Originally published in Section Culture: Newsletter of the ASA Culture Section. Winter 2018. Vol. 30 Issue 1, pp 1-2.
University at Albany, SUNY
Fake News. Twitter bots. Troll farms. More than ever, it seems, there is a crisis of confidence permeating the public sphere. How can we participate in discussions about matters of real concern when we have no idea if the person we are debating is even a real person? How can we discuss current events if we cannot distinguish between real and fake news? How is rational discussion possible when armies of strategic communicators navigate digital spaces looking to inflame the passions and promote polarization? What happens to social trust when politicians label as “fake news” any inconvenient information, when they question the motivation of critical journalists as well as the legitimacy of an independent press? And what can cultural sociology tell us about these questions?
A good place to start, perhaps, is Knorr-Cetina’s (1999, 2005) work on epistemic cultures. In a world increasingly focused on knowledge and information, Knorr-Cetina argues, it becomes imperative to think about the different cultures in which knowledges get produced. Epistemic cultures refer to “those sets of practices, arrangements, and mechanisms bound together by necessity, affinity, and historical coincidence that, in a given area of professional expertise, makeup how we know what we know” (Knorr-Cetina 2005: 67). Knorr-Cetina’s research demonstrates that there is a good deal of epistemic diversity in the worlds of science, and even more epistemic diversity when we move into other worlds of knowledge and information. Rather than seeing knowledge as one component of social and political life, we need to see different arenas of social life as embodying their own distinctive epistemic cultures. From this perspective, a key issue has to do with the institutional arrangements and the social practices that develop to deal with the exchange and the processing of information that is emerging from different epistemic cultures.
In today’s digital world, figuring out how to process different epistemic cultures is not nearly as straightforward as it once was. Mapping the new terrain is the central goal currently being pursued by Fuyuki Kurasawa, a cultural sociologist from Canada who currently holds the York University Research Chair in Global Digital Citizenship. In many of today’s digital spaces, Kurasawa argues, the dominant epistemic cultures are shaped by the practices of the troll, who posts deliberately offensive messages designed to provoke an angry and emotional response. The goal of the troll is to disrupt and to polarize, not to engage in rational debate. Viewed from the epistemic culture of the troll, a serious presentation of facts is met with instant mockery. The effective response is not to provide more facts, with the hope of persuading people to change their opinion. A more effective response may be to adopt the practices of the troll, provoking the original troll into an emotional over-reaction. Of course, this strategy is not equally available to all actors. As Kurasawa shows in his preliminary research, it may be effective and available to feminist activists responding to online misogynistic harassment, but it is less available to scientists responding to climate change denialists. It is less available to journalists responding to charges that they producing “fake news”, as I found in a recent study of journalism after Trump (Jacobs 2017). The deployment of a different or a new epistemic culture is less possible when the actor who is thinking about deploying it still hopes to derive expertise and professional standing from a prior one.

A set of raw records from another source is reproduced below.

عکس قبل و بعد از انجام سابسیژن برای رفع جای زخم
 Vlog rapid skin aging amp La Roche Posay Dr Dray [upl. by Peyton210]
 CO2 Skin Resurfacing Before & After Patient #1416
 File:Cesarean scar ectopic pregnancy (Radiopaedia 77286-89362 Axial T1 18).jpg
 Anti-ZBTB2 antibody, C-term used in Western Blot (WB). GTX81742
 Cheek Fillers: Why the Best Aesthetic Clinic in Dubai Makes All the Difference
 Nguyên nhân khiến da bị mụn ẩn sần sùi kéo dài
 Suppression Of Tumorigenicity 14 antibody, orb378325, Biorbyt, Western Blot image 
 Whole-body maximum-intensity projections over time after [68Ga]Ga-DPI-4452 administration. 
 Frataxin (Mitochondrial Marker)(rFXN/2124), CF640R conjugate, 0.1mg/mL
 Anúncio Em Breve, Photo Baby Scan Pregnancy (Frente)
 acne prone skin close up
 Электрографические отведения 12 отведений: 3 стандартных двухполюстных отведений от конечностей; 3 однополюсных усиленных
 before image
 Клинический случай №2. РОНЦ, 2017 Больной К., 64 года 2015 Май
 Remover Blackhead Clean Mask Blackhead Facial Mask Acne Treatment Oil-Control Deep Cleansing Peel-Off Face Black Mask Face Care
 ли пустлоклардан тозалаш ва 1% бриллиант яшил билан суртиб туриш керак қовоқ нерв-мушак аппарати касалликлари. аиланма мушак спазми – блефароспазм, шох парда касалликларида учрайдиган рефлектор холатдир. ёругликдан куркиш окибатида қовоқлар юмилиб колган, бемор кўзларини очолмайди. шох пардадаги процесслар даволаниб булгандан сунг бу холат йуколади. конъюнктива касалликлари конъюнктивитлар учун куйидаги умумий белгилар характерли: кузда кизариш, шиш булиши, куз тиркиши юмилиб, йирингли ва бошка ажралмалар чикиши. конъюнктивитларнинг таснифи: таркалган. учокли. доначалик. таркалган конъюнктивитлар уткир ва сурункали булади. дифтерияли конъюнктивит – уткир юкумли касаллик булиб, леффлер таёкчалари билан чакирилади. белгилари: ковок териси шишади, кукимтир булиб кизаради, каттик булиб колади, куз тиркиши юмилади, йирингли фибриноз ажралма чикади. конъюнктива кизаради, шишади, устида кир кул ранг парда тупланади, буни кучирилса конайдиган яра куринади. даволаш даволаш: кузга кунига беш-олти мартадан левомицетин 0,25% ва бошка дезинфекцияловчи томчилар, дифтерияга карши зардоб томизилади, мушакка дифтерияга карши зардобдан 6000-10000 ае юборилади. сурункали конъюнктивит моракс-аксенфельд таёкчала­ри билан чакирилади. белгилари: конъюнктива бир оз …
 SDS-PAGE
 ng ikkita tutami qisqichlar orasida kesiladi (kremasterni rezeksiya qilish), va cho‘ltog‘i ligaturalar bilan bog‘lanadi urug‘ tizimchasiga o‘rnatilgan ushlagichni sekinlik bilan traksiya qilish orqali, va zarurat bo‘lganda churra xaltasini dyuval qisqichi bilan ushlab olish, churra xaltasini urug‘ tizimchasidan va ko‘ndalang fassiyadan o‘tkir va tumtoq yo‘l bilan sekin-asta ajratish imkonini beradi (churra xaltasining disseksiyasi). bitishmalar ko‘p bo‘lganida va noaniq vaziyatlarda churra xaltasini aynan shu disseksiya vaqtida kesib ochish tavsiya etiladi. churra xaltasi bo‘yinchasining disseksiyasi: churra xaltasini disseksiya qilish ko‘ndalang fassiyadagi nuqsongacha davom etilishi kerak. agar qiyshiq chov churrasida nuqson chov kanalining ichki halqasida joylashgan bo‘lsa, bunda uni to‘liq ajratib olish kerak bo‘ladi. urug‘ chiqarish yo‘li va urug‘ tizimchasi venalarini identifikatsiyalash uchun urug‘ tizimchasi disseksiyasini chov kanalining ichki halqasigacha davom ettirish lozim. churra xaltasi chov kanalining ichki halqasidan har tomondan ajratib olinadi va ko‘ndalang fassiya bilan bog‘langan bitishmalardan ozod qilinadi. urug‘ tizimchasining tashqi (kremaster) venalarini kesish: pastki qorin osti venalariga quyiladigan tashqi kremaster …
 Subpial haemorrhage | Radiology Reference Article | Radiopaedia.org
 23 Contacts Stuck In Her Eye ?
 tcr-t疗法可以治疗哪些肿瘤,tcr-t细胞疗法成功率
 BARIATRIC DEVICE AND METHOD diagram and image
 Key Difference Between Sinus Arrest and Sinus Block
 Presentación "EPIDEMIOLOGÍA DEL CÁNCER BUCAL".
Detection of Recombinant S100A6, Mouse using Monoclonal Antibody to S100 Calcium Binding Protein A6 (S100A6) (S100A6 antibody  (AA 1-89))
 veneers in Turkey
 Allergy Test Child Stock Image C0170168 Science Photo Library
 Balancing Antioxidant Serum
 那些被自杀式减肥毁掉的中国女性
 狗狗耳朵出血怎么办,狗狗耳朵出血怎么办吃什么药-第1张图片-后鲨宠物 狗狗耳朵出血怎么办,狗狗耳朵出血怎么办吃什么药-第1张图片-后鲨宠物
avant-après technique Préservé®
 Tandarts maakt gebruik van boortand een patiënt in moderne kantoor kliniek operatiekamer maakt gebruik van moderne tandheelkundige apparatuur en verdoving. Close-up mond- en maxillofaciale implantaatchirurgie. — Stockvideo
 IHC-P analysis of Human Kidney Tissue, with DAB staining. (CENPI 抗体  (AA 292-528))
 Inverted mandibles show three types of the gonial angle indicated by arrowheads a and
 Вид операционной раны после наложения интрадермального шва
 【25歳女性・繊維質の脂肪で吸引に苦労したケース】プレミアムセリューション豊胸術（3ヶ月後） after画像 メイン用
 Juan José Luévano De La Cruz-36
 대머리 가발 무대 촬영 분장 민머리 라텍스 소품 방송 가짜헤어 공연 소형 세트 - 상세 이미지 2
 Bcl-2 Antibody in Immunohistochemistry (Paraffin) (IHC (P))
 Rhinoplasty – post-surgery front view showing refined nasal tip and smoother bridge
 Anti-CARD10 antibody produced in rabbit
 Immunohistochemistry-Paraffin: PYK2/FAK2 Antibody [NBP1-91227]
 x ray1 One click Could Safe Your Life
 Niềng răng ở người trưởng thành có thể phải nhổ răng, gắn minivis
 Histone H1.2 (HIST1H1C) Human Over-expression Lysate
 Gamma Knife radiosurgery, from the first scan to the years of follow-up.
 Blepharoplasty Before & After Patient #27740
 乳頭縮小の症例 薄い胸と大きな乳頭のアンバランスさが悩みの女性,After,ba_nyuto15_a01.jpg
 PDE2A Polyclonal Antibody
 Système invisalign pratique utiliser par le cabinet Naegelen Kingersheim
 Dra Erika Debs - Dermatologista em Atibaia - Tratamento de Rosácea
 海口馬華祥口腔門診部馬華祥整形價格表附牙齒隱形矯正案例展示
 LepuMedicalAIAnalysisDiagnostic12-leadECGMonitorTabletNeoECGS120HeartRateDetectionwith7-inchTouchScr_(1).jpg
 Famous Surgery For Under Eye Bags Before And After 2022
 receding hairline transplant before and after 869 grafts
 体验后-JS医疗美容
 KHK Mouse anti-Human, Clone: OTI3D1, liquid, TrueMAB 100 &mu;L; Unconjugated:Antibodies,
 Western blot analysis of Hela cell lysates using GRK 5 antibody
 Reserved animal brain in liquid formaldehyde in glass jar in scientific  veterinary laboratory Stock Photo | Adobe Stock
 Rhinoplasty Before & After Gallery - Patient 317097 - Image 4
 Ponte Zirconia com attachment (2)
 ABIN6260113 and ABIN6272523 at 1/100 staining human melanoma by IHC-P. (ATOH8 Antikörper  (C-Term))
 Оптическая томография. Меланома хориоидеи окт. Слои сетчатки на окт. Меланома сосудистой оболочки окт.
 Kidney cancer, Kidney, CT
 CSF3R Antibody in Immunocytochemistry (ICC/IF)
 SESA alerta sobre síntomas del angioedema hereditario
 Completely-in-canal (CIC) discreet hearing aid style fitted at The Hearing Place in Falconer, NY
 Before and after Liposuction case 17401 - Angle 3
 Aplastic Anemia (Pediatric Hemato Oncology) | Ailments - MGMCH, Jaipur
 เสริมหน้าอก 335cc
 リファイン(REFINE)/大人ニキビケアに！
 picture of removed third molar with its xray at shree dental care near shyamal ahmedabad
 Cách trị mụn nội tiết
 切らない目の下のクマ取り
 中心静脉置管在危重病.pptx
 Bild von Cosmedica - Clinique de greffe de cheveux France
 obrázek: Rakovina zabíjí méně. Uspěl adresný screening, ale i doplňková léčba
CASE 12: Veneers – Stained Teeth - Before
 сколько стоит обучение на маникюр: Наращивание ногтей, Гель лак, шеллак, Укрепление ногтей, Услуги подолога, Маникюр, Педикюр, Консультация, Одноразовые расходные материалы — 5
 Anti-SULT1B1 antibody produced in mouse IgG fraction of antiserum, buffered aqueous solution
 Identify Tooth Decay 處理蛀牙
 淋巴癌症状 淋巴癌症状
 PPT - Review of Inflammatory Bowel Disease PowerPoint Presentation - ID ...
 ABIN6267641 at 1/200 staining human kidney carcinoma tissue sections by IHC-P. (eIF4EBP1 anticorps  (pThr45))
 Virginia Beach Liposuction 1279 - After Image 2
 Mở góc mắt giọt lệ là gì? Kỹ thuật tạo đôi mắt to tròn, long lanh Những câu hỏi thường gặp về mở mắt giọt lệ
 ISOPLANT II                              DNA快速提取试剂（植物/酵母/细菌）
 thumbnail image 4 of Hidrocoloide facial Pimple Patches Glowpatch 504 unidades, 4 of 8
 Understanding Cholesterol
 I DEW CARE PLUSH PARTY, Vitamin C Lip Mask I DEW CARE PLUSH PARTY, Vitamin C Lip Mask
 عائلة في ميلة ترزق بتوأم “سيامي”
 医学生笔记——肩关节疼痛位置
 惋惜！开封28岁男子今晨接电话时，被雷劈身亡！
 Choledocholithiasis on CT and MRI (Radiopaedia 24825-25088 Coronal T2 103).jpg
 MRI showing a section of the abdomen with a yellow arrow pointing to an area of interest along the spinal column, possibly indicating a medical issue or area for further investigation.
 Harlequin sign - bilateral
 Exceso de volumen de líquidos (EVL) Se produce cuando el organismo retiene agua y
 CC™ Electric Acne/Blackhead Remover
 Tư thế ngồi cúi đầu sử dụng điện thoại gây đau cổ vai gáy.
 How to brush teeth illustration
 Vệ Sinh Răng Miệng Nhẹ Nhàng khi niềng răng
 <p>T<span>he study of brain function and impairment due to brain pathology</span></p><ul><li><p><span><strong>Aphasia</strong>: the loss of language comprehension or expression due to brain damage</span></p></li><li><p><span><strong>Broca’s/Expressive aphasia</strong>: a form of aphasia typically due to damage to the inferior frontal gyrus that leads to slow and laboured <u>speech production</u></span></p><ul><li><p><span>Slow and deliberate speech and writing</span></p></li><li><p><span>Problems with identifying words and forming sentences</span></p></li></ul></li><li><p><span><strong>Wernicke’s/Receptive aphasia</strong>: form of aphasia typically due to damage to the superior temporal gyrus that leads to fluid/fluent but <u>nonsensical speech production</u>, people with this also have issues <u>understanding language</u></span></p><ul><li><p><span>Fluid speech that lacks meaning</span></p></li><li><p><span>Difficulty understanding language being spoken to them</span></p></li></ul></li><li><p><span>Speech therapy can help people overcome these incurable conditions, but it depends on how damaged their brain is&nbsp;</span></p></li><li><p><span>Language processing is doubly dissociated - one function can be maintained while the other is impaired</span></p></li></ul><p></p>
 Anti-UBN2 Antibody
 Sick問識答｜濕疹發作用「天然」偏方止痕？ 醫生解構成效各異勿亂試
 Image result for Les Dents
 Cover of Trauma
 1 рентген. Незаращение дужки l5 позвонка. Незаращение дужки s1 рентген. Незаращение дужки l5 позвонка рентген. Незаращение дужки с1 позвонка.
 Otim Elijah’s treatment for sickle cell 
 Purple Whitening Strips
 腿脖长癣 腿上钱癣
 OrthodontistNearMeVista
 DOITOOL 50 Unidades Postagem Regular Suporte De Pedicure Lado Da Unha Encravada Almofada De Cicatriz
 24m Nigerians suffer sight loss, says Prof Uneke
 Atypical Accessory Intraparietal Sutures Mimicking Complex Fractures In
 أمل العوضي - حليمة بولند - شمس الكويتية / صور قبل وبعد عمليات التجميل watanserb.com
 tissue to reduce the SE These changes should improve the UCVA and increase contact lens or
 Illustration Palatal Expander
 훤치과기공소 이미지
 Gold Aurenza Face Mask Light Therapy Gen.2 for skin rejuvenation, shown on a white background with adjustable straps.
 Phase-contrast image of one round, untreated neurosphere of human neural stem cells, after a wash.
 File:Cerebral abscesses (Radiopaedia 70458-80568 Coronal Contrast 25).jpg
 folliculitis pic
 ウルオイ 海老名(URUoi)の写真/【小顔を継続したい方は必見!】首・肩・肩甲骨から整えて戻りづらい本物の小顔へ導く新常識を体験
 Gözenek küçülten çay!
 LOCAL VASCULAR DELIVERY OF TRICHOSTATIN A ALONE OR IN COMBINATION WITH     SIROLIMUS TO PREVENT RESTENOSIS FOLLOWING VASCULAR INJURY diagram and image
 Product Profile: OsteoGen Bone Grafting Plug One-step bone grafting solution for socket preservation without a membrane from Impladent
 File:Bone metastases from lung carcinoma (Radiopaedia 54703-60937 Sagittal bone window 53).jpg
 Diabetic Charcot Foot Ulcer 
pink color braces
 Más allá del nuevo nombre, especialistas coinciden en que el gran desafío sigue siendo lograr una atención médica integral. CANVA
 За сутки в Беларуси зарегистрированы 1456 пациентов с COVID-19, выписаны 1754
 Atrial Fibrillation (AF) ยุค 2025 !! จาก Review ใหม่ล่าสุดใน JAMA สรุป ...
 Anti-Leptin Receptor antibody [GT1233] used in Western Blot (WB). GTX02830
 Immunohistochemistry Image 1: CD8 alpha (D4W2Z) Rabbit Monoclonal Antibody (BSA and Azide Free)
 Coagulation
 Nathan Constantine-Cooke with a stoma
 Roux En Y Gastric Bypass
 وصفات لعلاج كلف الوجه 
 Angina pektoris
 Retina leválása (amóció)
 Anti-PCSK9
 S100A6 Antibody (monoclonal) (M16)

To be sure, even within those epistemic cultures defined by science and rationality, internal critiques and alternative criteria of distinction have been circulating for some time now. Since the 1960s at least, we have witnessed repeated and influential counter-performances challenging the somber seriousness of science and scholarship in most spaces of cultural and intellectual life. In the older and more mainstream epistemic cultures, though, the counter-performer has generally confronted a discursive terrain where seriousness is signified as pure. The effect of the conflict has most often been to reinforce the sacredness of the epistemic culture that was being challenged. Matters are different in the digital spaces of today. How can a scientist, an intellectual, or a journalist engage with digital soldiers trained on troll farms, without thoroughly undermining the professional expertise they have carefully built up as well as the sacred discourses of evaluation upon which their expertise depends? How can they correct mistakes and characterizations being circulated by the thousand by Twitter bots, without feeding into the very algorithms that are making the offensive tweet go viral? These are complicated challenges, and ones which are unlikely to be resolved by the extended argument of the columnist or the scientific practices of peer review.
Great as the normative and the practical challenges may be, I have every confidence that cultural sociologists will “follow the controversies”, providing nuanced accounts of what is going on and compelling explanations for how things have developed the way they have, and not otherwise. There is a long tradition of sociological scholarship addressing these issues. And I look forward to reading about the research of my colleagues in the Culture Section, who no doubt are exploring these questions as well as many others.
Knorr-Cetina, Karen, 1999. Epistemic Cultures. Harvard University Press.
Knorr-Cetina, Karen, 2005. “Culture in Global Knowledge Societies: Knowledge Cultures and Epistemic Cultures”, in The Blackwell Companion to the Sociology of Culture, ed. M. Jacobs and N. Hanrahan. Blackwell, pp. 65-79.
Jacobs, Ronald N., 2017. “Journalism After Trump”, American Journal of Cultural Sociology 5, 3: 409-425.